Analytics is gaining power over our lives as algorithms are making more decisions. How do we know those decisions are right?
Ten years have passed since Clive Humby, a UK mathematician, said that data is the new oil. Like crude that must be changed into gas or chemicals to create valuable entities, data must be broken down and analyzed for it to have value.
Data is only meaningful as it relates to the marketplace. By itself it does not provide insight, and facts alone are not enough for good decision making. One key insight changed everything for Starbucks when Executive Chairman Howard Schultz realized that “we serve people coffee; we don’t serve coffee to people.” Starbucks knows they are not about coffee, but about the experience of enjoying it. This concept drove all the decisions made by the company leading to its global success.
Good decisions depend on good data
But decision making in today’s data driven culture is no simple matter even if you are very clear on your company’s vision and purpose. Good decisions depend on good data, but with data coming in from many different sources in multiple formats organized by a variety of criteria, working with clean data sets is an increasingly difficult process. In addition, data management is becoming more and more automated.

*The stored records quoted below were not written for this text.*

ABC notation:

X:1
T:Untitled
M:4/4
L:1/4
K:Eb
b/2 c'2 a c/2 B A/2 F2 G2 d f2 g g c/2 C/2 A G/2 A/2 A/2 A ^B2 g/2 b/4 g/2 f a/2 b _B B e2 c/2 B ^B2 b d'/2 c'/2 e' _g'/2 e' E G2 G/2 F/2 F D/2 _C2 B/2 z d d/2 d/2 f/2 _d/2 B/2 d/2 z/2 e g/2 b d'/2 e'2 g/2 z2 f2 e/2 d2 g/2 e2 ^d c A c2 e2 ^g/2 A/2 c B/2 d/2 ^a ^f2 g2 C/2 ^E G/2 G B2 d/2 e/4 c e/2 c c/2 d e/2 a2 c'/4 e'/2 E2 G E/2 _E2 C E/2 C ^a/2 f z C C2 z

As the use of analytics gains power over our lives, how do we know automated decisions are right? The SAP Analytics portfolio announced at SAPPHIRE NOW this week is designed to help.
It Takes Trust
Typically, as predictive or optimization models are introduced to support human decision making, it begins with a suggested decision. This allows the decision maker to review options, but still make the final decision. As decisions prove to be the right ones for the business over time, people begin to trust the process and its results, allowing more and more decisions to be made automatically by applying machine learning models.

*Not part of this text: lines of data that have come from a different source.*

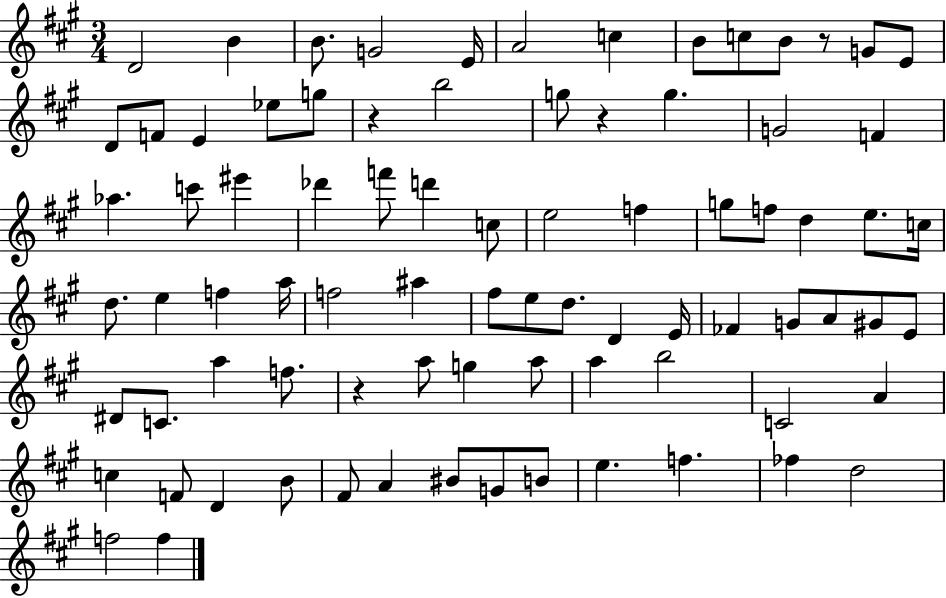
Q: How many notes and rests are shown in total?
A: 82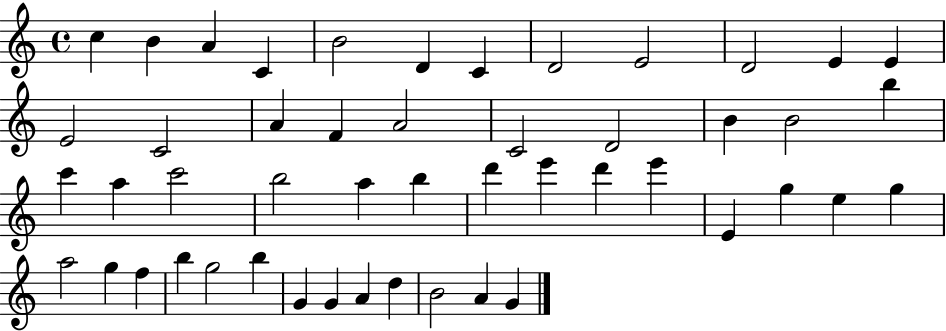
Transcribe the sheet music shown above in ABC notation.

X:1
T:Untitled
M:4/4
L:1/4
K:C
c B A C B2 D C D2 E2 D2 E E E2 C2 A F A2 C2 D2 B B2 b c' a c'2 b2 a b d' e' d' e' E g e g a2 g f b g2 b G G A d B2 A G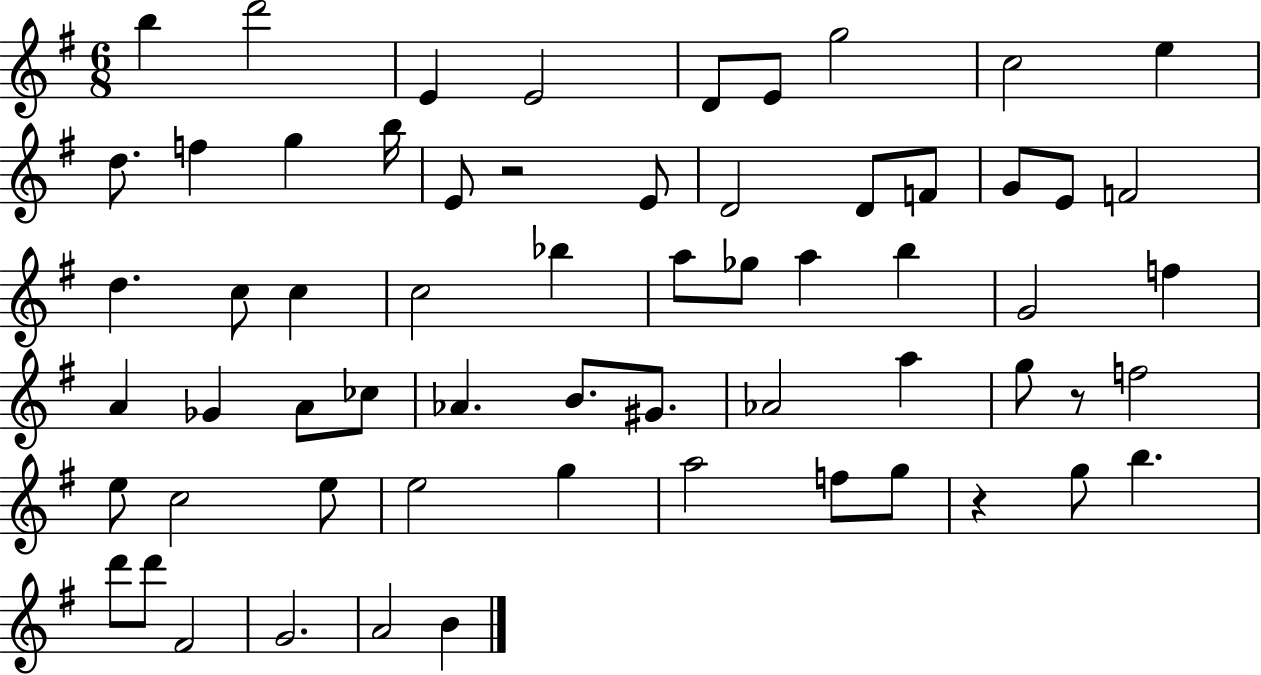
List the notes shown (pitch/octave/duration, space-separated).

B5/q D6/h E4/q E4/h D4/e E4/e G5/h C5/h E5/q D5/e. F5/q G5/q B5/s E4/e R/h E4/e D4/h D4/e F4/e G4/e E4/e F4/h D5/q. C5/e C5/q C5/h Bb5/q A5/e Gb5/e A5/q B5/q G4/h F5/q A4/q Gb4/q A4/e CES5/e Ab4/q. B4/e. G#4/e. Ab4/h A5/q G5/e R/e F5/h E5/e C5/h E5/e E5/h G5/q A5/h F5/e G5/e R/q G5/e B5/q. D6/e D6/e F#4/h G4/h. A4/h B4/q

There is no ‘formula’ for what kinds of decisions should be made based on automated processes or machine learning, versus decisions that need to be made by humans based on data analysis.
After all, machine learning algorithms are probabilistic by nature. There is no guarantee that the desired outcome will happen. When using algorithms to make medical decisions, for example, doctors need to realize they are making “machine assisted” decisions, but that ultimately they have full responsibility. For example, data can be modelled for finding patients with the most likelihood of benefitting from a specific medication. Doctors can then create a shorter prioritized list of customers who might benefit from it based on further analysis. In cases like that machine learning can increase the productivity of the doctor and the probability of success, but of course there is no guarantee the patient will be cured.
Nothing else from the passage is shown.